Thursday, May 06, 2004

Am experiencing a growing concern ...

about my growing inability to cope with the day-to-day headlines and growing hysteria around the Middle East. I tend to use this journal as an escape from the fear that is beginning to make my breathing shallow and my attention span determined by how quickly I can flip the remote between horrors.

A few minutes ago I sat here to begin to catch up with myself and to try to recapture some of the biographical themes that I found in that Bancroft Library video. It is not to be.

Phone rang and it was a long distance call from Rev. Paul Sawyer, UU minister of long acquaintance and with whom I've worked on many occasions. He's been pastoring the UU church in Pasadena, I believe, for the past 15 or so years, having been associated before that time with the Fellowship of Unitarian-Universalists in Berkeley. It was through Paul that I met and associated with, if only peripherally, with author Ken Kesey et al many years ago. We shared the experience at Asilomar that Tom Wolfe wrote about in the Electric Acid Koolaid Test. Paul is seeking a post at Starr King School for the Ministry (of the Graduate Theological Union) and called to ask for a letter of reference. Glad to oblige.

That call started a train of thought that has blocked out all else over the past hour.

Me: "What are you doing these dreadful days, Paul?"
Paul: "Trying to pull together some kind of response to the happenings in Iraq, but such outrage really demands more than the usual actions such as letters to the ... signing petitions ... etc., but it may well be time to take to the streets (again!)."
Me: "Isn't it wonderful, what MoveOn is accomplishing by way of unifying the voices of the electorate?"
Paul: "Yes, but it isn't enough."
Me: "But, of course I know that. But it's a beginning place, isn't it?"
Paul: "Of course it is, but with Kerry doing the predictable campaign waltz of shifting to the Center when he should be solidifying his base on the Left is tragic and may just lose the momentum he gathered during the primaries."
Me: "But what do we do...?"

And that's where I've been since we cradled the phones.

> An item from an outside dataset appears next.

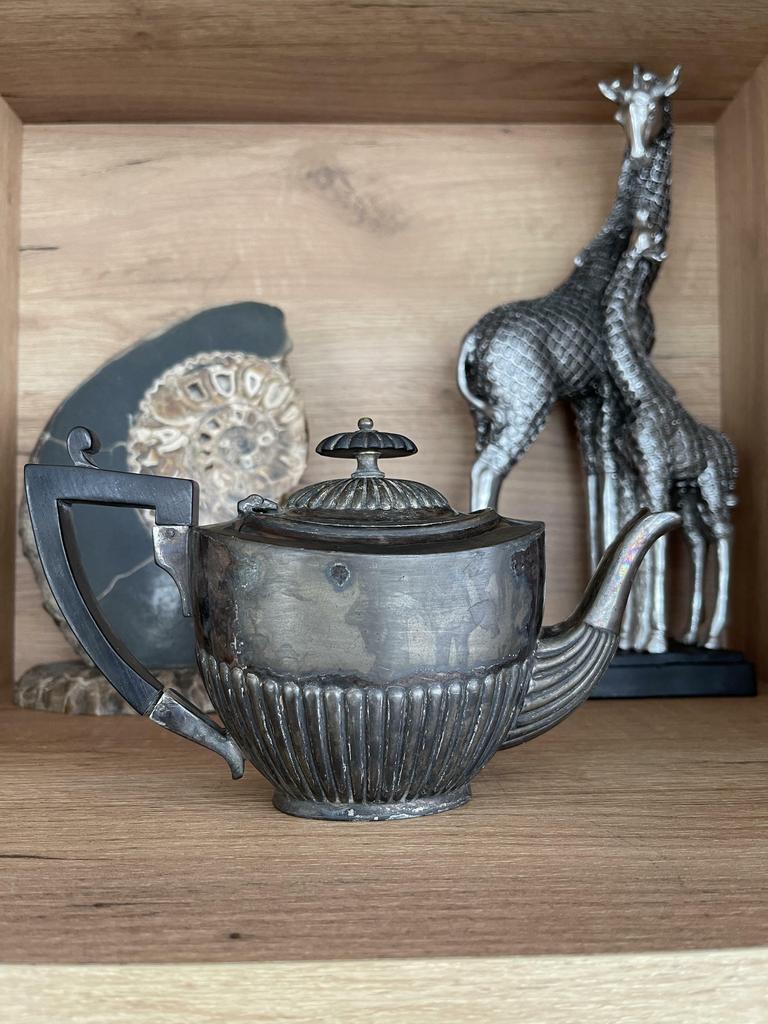 Старинный коллекционный чайничек ар-деко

We probably need a controlled and peaceful revolution like that of the Sixties. That brought us Civil Rights as well as a withdrawal from Vietnam and brought down a corrupt presidency. Why should we be hesitant to use the streets now? The threat to our existence on the planet is greater than in all of history. The total destruction of the world may be at hand. Orwell's 1984 was an accurate predicter of the present -- with the signs leading up to his "future" well-marked. Whatever are we waiting for? The rest of the world is now under the empirical control of our nation -- for good or evil. Should the current trends prevail, we may be doomed -- taking everyone else with us. That means your children, my children, and theirs. How can we not act? Why do I feel this paralysis? What savior are we non-believers waiting for?

I've now lived long enough to have seen the rate of change accellerate from generations measured in half-century cycles to today when they're measured by five years or less. That increases the sensitivity factor so much that -- as with MoveOn -- the effects are almost instantly measurable. We have new organizing tools and a new generation of thinkers and activists to use them. This world is not the one I thought we were creating, but somewhere in the mix that world must still exist. Paul Sawyer, Aron Gilmartin, and millions of others -- together -- bending in the direction of constructive change helped to give that world life. The counteracting forces have all but obliterated the humane governance we worked hard to produce. It may not be too late to salvage something of worth from those efforts.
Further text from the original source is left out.